Is ERP as we know it dying?

With an ever-shrinking number of new deployments, ERP vendors needs to find a new way

ERP, which used to be the rage a decade ago, appears to have lost its mojo. SAP is dealing with a top-level management shakeup, and Oracle is focusing its efforts on integrating the newly acquired Sun Microsystems.

In the meantime, ERP has stalled. The market has hit a point where companies either already have ERP or aren't likely to get it at all. This leaves SAP and Oracle to try to wring profits out of support contracts as income from new ERP installations declines.

[ Take a look back at the story of ERP in 2009 and what to expect in 2010. | CIO.com's Thomas Wailgum agrees that the big ERP approach is dead. ]

What, then, does the future hold for ERP and for ERP providers like Oracle and SAP? Well, not many large ERP rollouts, for starters. "ERP is pretty mature on the high end," says Paul Hamerman, vice president of enterprise applications at Forrester Research. "There really isn't an alternative because it's a mission-critical suite."

Bud Mathaisel, COO at IT services firm Achievo and former CIO at Disney, Ford, and Solectron, also believes that high-end ERP rollouts have hit a wall. "I don't think ERP is dead, but what I do think is dead is very large-scale deployments of big ERP," he says. "There are very few companies left who can do a from-scratch buy from Oracle or SAP."

The competition, then, is for smaller customers, and the key may be SaaS (software as a service). "I think the battleground is in the hundred-million-dollar to billion-dollar space," says Hamerman. SaaS does need to evolve to have more extensibility in order to be able to serve large companies with ERP, but SaaS solutions will continue to grow in the middle section, Hamerman says.
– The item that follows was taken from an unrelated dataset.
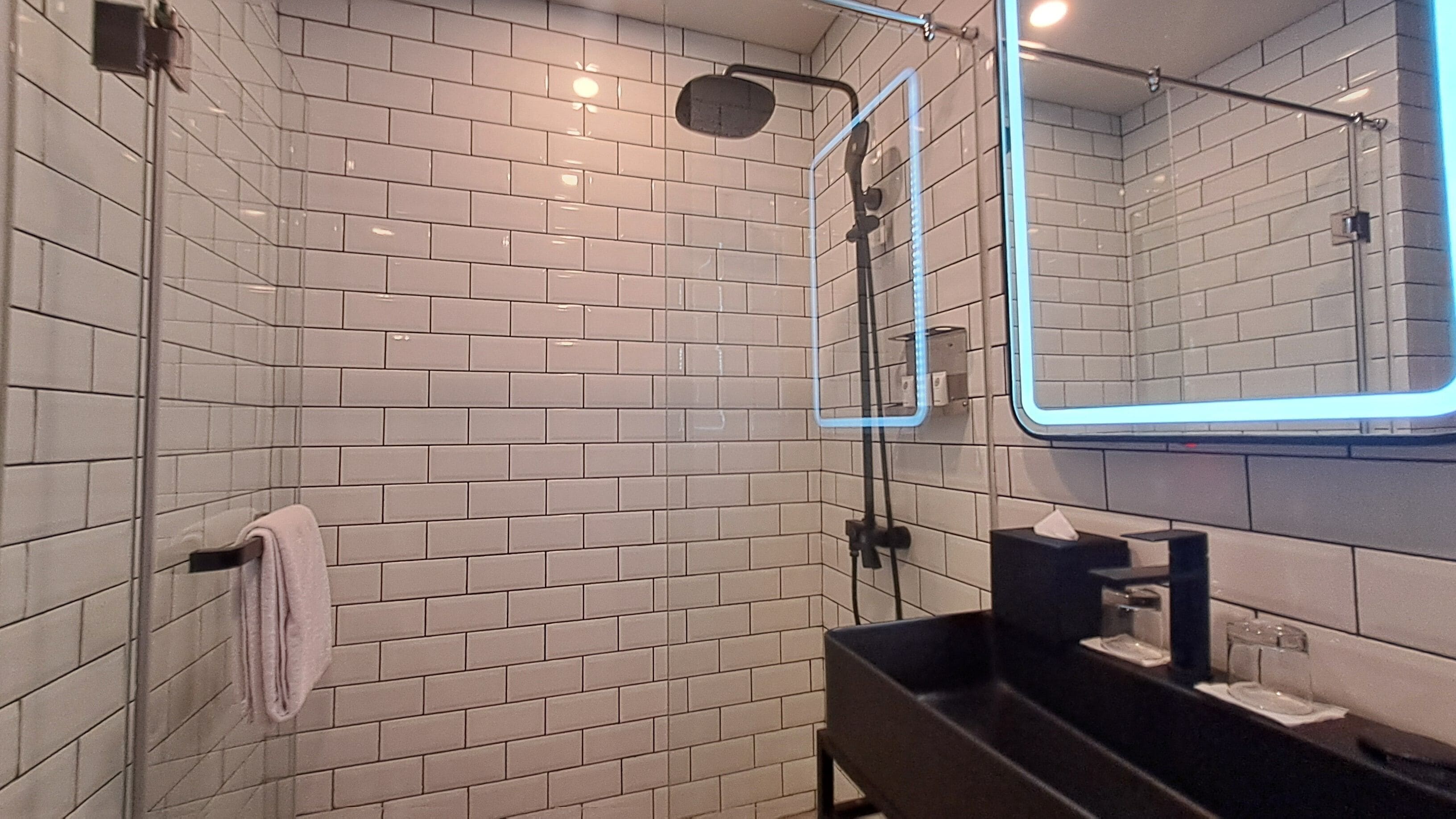 Un baño moderno con azulejos blancos tipo metro, ducha con cerramiento de vidrio, lavamanos negro y espejo con marco de neón.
Mathaisel also sees opportunities for ERP to become more modular. "Very often, organizations want to update a piece of their ERP without redoing the whole thing," he says, noting that sometimes businesses value a particular piece of ERP -- CRM, for example -- and want to keep that aspect updated. The fundamentals of how that company does business haven't changed, but it wants to keep its customer-facing software up to date.

"They aren't changing out their core ERP, but they're updating their CRM module," Mathaisel notes. "What SAP and Oracle would very much like to do is go after that new work as opposed to a customer of theirs buying a third-party piece of software and trying to bolt it on. Hence SAP Netweaver and Oracle Fusion: They don't want to get ripped out of the system if customers do a module upgrade."

Netweaver is SAP's technology platform that can be used for integration with other platforms or apps, while Fusion is Oracle's middleware portfolio that features hot-pluggable architecture, allowing users to integrate or better use third-party apps or systems.

"A lot of these installations are sticky in that the cost of replacement is prohibitive," agrees Hamerman. But he also notes current technology innovation, predicting that there will be competitors emerging with different business models like SaaS and cloud computing.

So there are ERP opportunities out there, and not just for Oracle and SAP. The era of the big-bang ERP rollout is on its way out, but companies still have a need for integrated, scalable apps and modular updates. There's still software to be sold or custom-built, and there's room for more competition. For now, it remains to be seen which companies will seize these opportunities.